* **Exercise goal**
Every entry must be repeated exactly. Exclude all pictures.

* **Data for analysis**
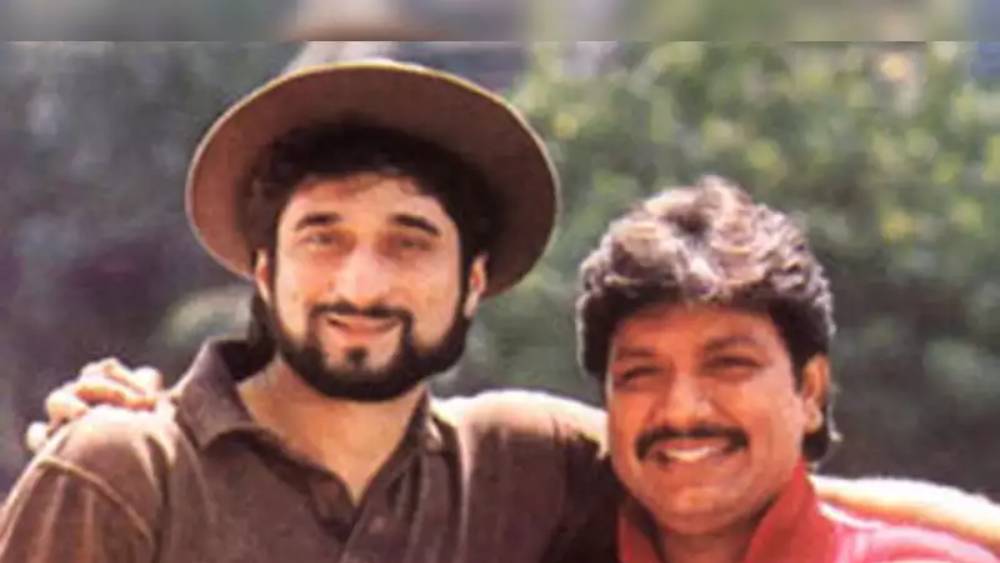 ছবির বাইরে নদীম-শ্রবণ জুটির গান প্রথম মুক্তি পেয়েছিল গুলশন কুমারের সংস্থা থেকে। তাঁদের গান ‘নজর কে সামনে জিগর কে পাস’ তুমুল জনপ্রিয় হয়েছিল। এই গানটির সঙ্গে তাঁদের আরও চারটি গান মহেশ ভট্ট ব্যবহার করেছিলেন তাঁর ‘আশিকি’ ছবিতে।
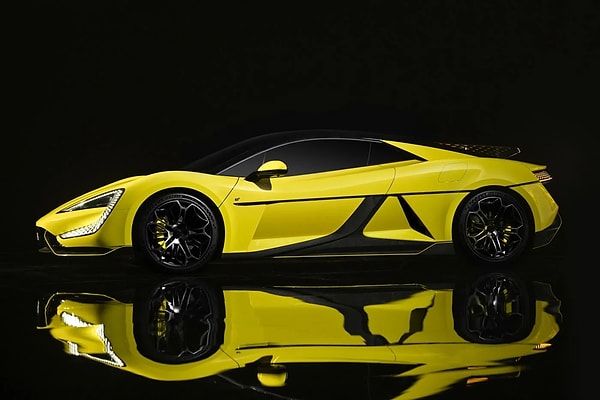 Kolayca gerçekleştirebildiği akrobatik hareketleri ve sarı rengiyle ünlü Transformers film serisinin yıldız karakteri Bumblebee'ye benzettiğimiz araç, süper hızlı elektrikli motoru ile de 0’dan 100’e 2 saniyede çıkabiliyor.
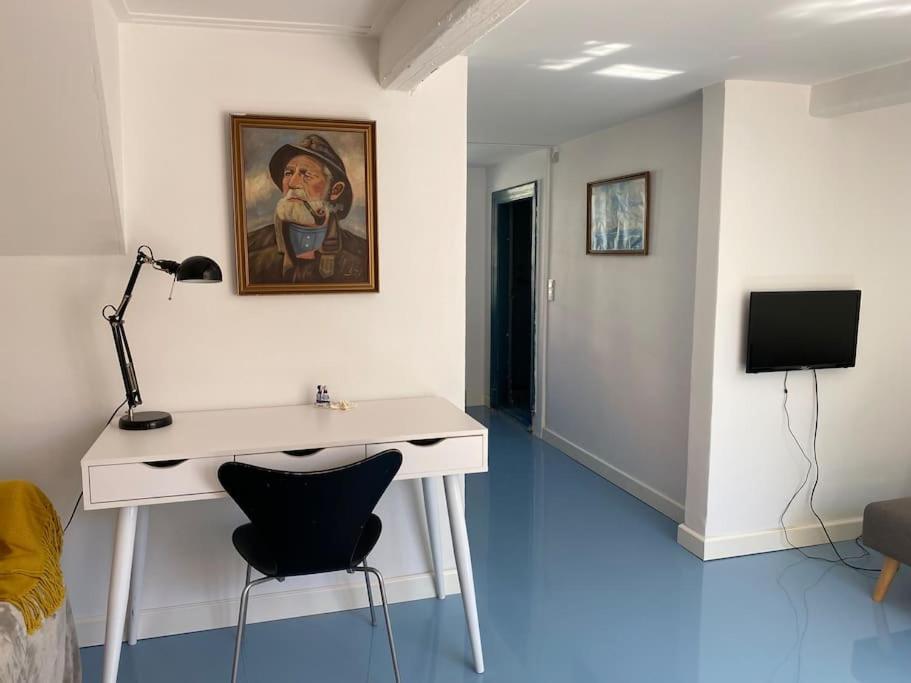Skont Fiskerhus. Taet Pa By, Havn Og Havet Villa Marstal Luaran gambar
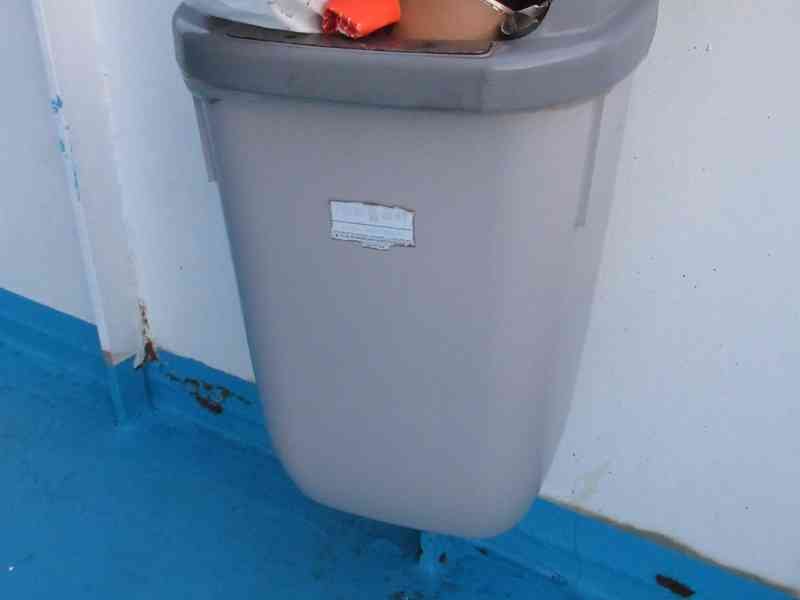 Corbeille en plastique photo gratuite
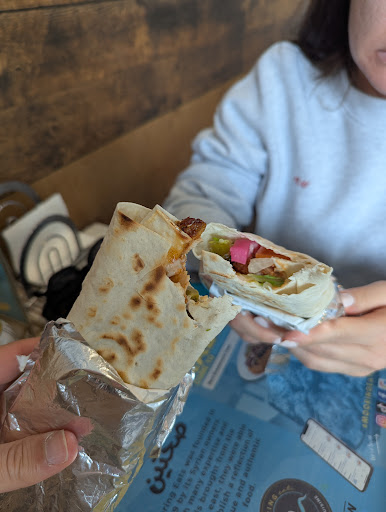 Photo of Mooring Eats Shawarma - 2481 Lake Shore Blvd W, Toronto, ON M8V 1C5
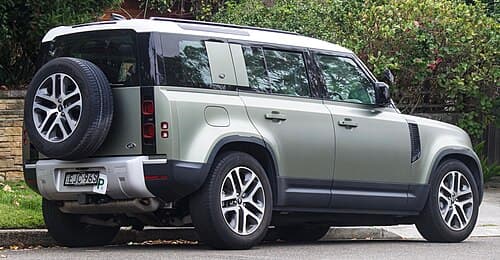 2026 Land Rover Defender 110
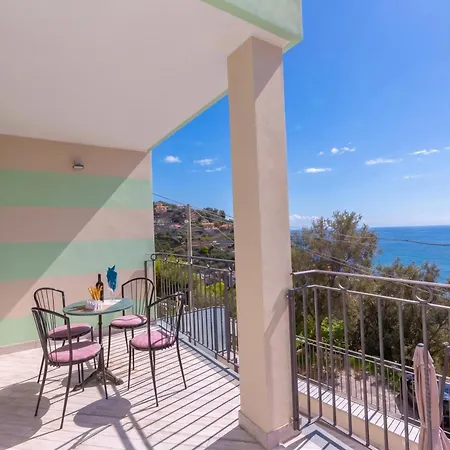 Serena 2 Amazing Sea View - Happy Apartamento Alassio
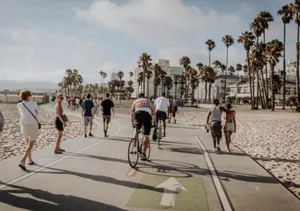 Image of SANTA MONICA LUXURY APARTMENT WALK to BEACH!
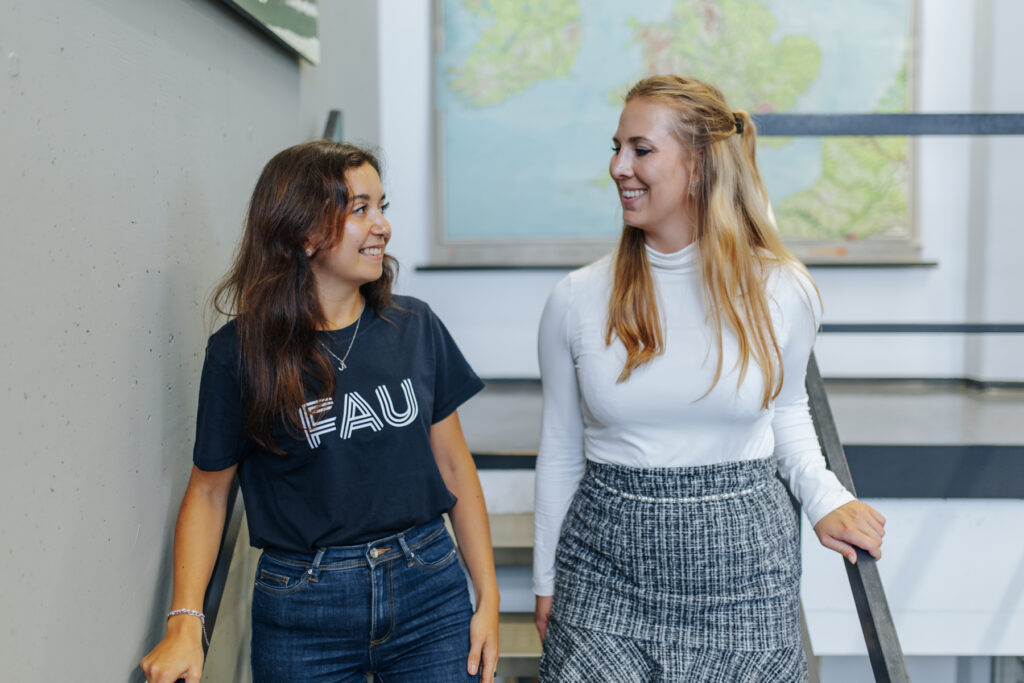 Zwei Studentinnen im Gespräch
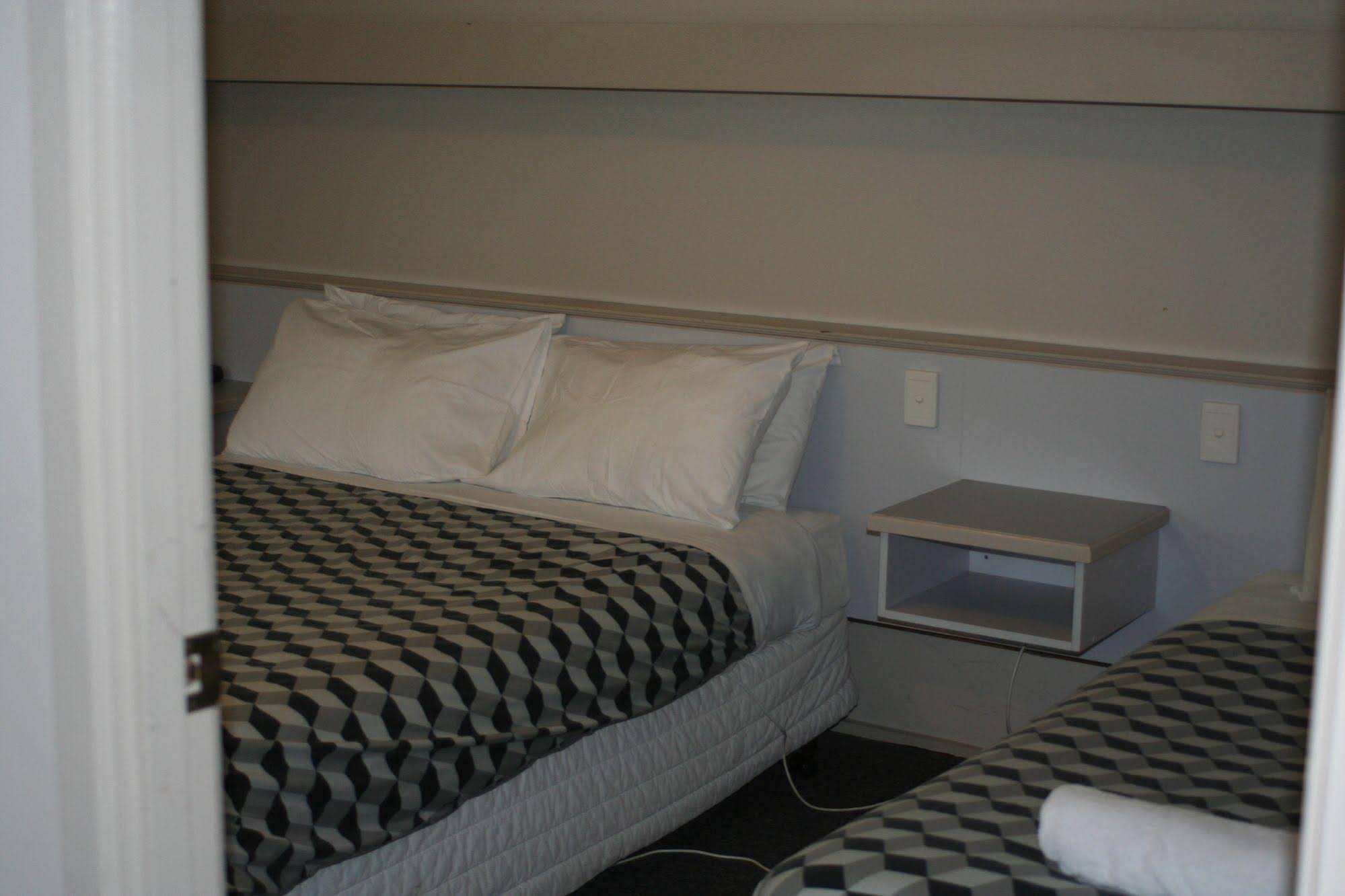 Coachman Motel & Holiday Units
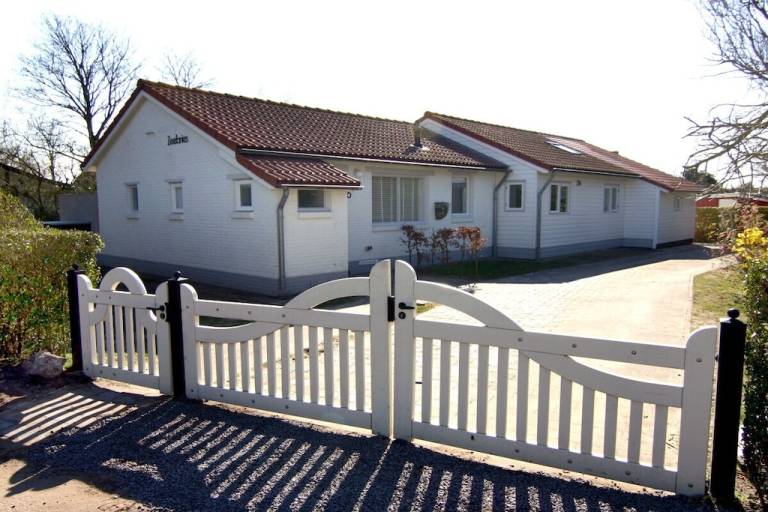 Ferienhaus mit Grill, Terrasse und Garten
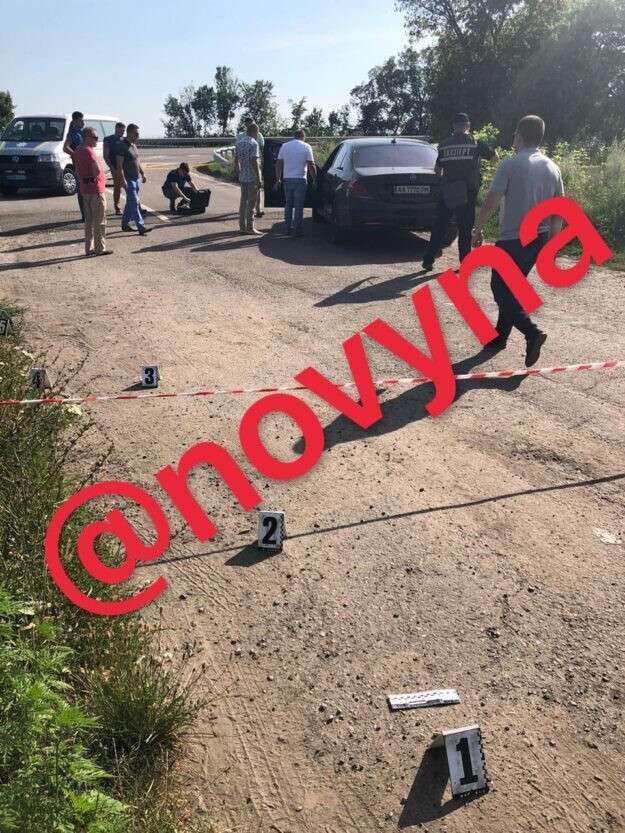 На трассе Киев-Харьков неизвестные расстреляли автомобиль с пассажиром.jpeg
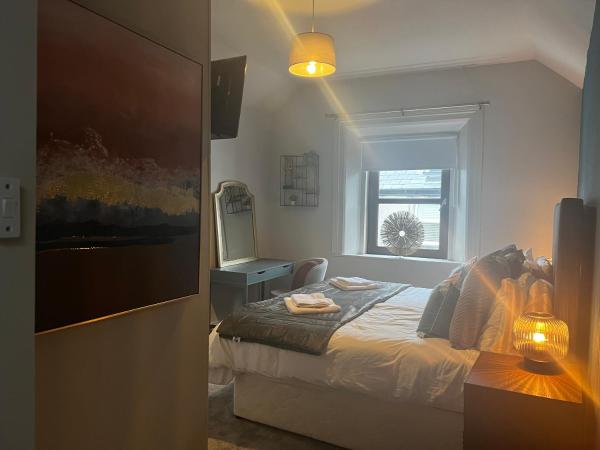 Woodquay House : photo 3 de la chambre chambre double avec salle de bains privative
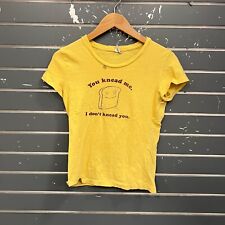 Camiseta Feminina Abercrombie & Fitch "You Kneed Me" Manga Curta Amarela Antiga Tamanho G comprar usado  Enviando para Brazil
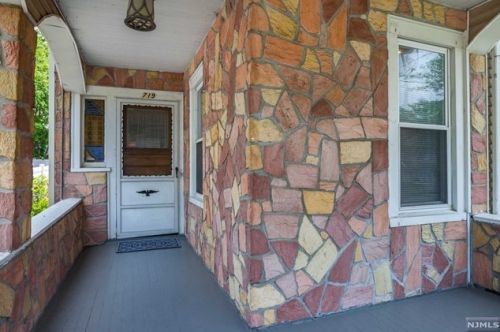 719 Degraw Ave, Newark NJ  07104-1615 exterior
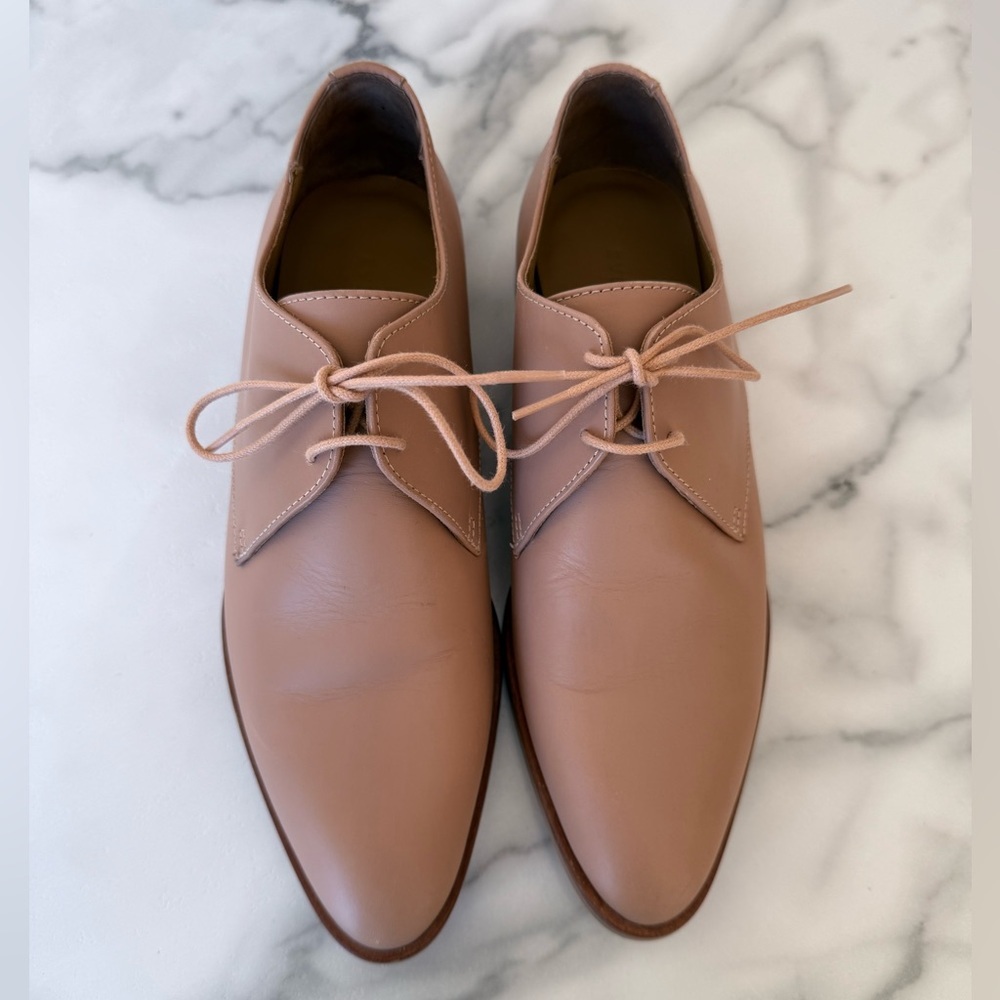 Everlane The Modern Oxford Leather Preppy Business Casual Neutral Shoe size 7.5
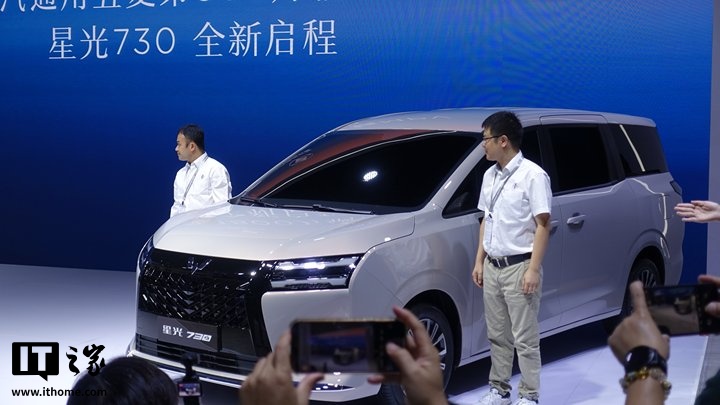 五菱星光 730 MPV 亮相成都车展：采用电动侧滑门，提供三种动力系统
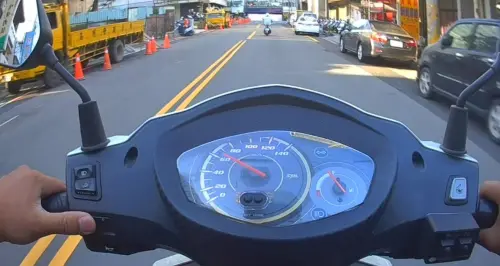 ▲警方因杜男機車車牌疑貼膠帶攔查，隨即展開巷弄追逐。（圖／警方提供）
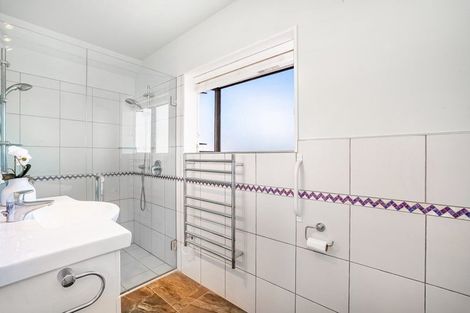 Photo of property in 75 Totara Crescent, Woburn, Lower Hutt, 5011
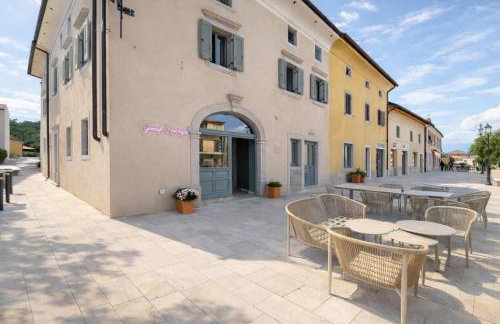 Greif Boutique Juna - Photo 6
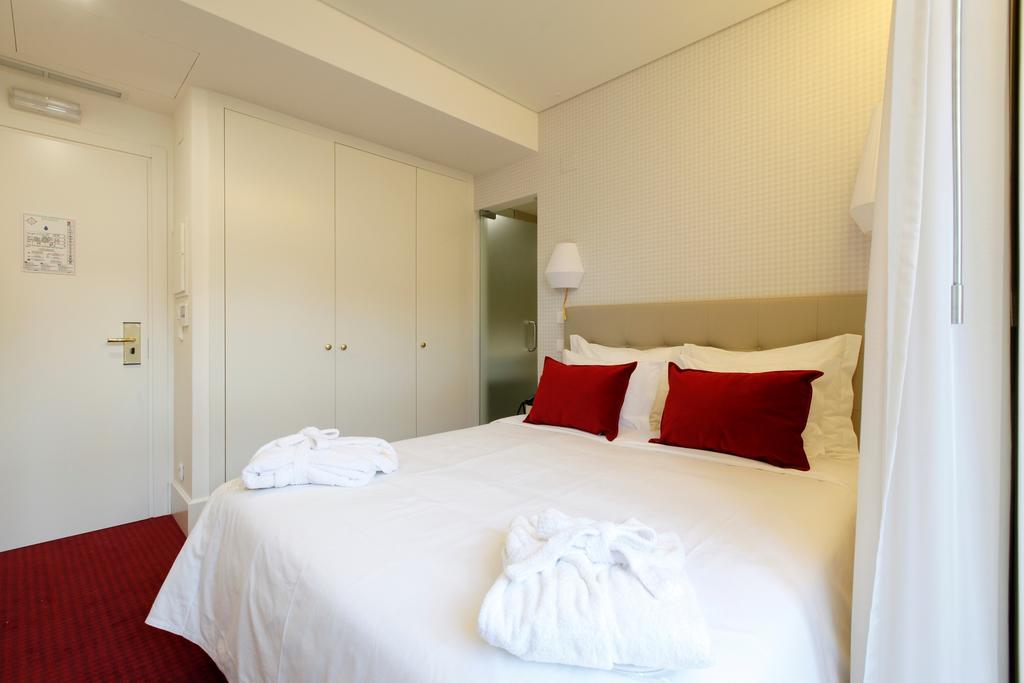 Mini Chambre Double ou Lits Jumeaux - Vue sur Rue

* **Solution for this exercise**
 ছবির বাইরে নদীম-শ্রবণ জুটির গান প্রথম মুক্তি পেয়েছিল গুলশন কুমারের সংস্থা থেকে। তাঁদের গান ‘নজর কে সামনে জিগর কে পাস’ তুমুল জনপ্রিয় হয়েছিল। এই গানটির সঙ্গে তাঁদের আরও চারটি গান মহেশ ভট্ট ব্যবহার করেছিলেন তাঁর ‘আশিকি’ ছবিতে।
 Kolayca gerçekleştirebildiği akrobatik hareketleri ve sarı rengiyle ünlü Transformers film serisinin yıldız karakteri Bumblebee'ye benzettiğimiz araç, süper hızlı elektrikli motoru ile de 0’dan 100’e 2 saniyede çıkabiliyor.
Skont Fiskerhus. Taet Pa By, Havn Og Havet Villa Marstal Luaran gambar
 Corbeille en plastique photo gratuite
 Photo of Mooring Eats Shawarma - 2481 Lake Shore Blvd W, Toronto, ON M8V 1C5
 2026 Land Rover Defender 110
 Serena 2 Amazing Sea View - Happy Apartamento Alassio
 Image of SANTA MONICA LUXURY APARTMENT WALK to BEACH!
 Zwei Studentinnen im Gespräch
 Coachman Motel & Holiday Units
 Ferienhaus mit Grill, Terrasse und Garten
 На трассе Киев-Харьков неизвестные расстреляли автомобиль с пассажиром.jpeg
 Woodquay House : photo 3 de la chambre chambre double avec salle de bains privative
 Camiseta Feminina Abercrombie & Fitch "You Kneed Me" Manga Curta Amarela Antiga Tamanho G comprar usado  Enviando para Brazil
 719 Degraw Ave, Newark NJ  07104-1615 exterior
 Everlane The Modern Oxford Leather Preppy Business Casual Neutral Shoe size 7.5
 五菱星光 730 MPV 亮相成都车展：采用电动侧滑门，提供三种动力系统
 ▲警方因杜男機車車牌疑貼膠帶攔查，隨即展開巷弄追逐。（圖／警方提供）
 Photo of property in 75 Totara Crescent, Woburn, Lower Hutt, 5011
 Greif Boutique Juna - Photo 6
 Mini Chambre Double ou Lits Jumeaux - Vue sur Rue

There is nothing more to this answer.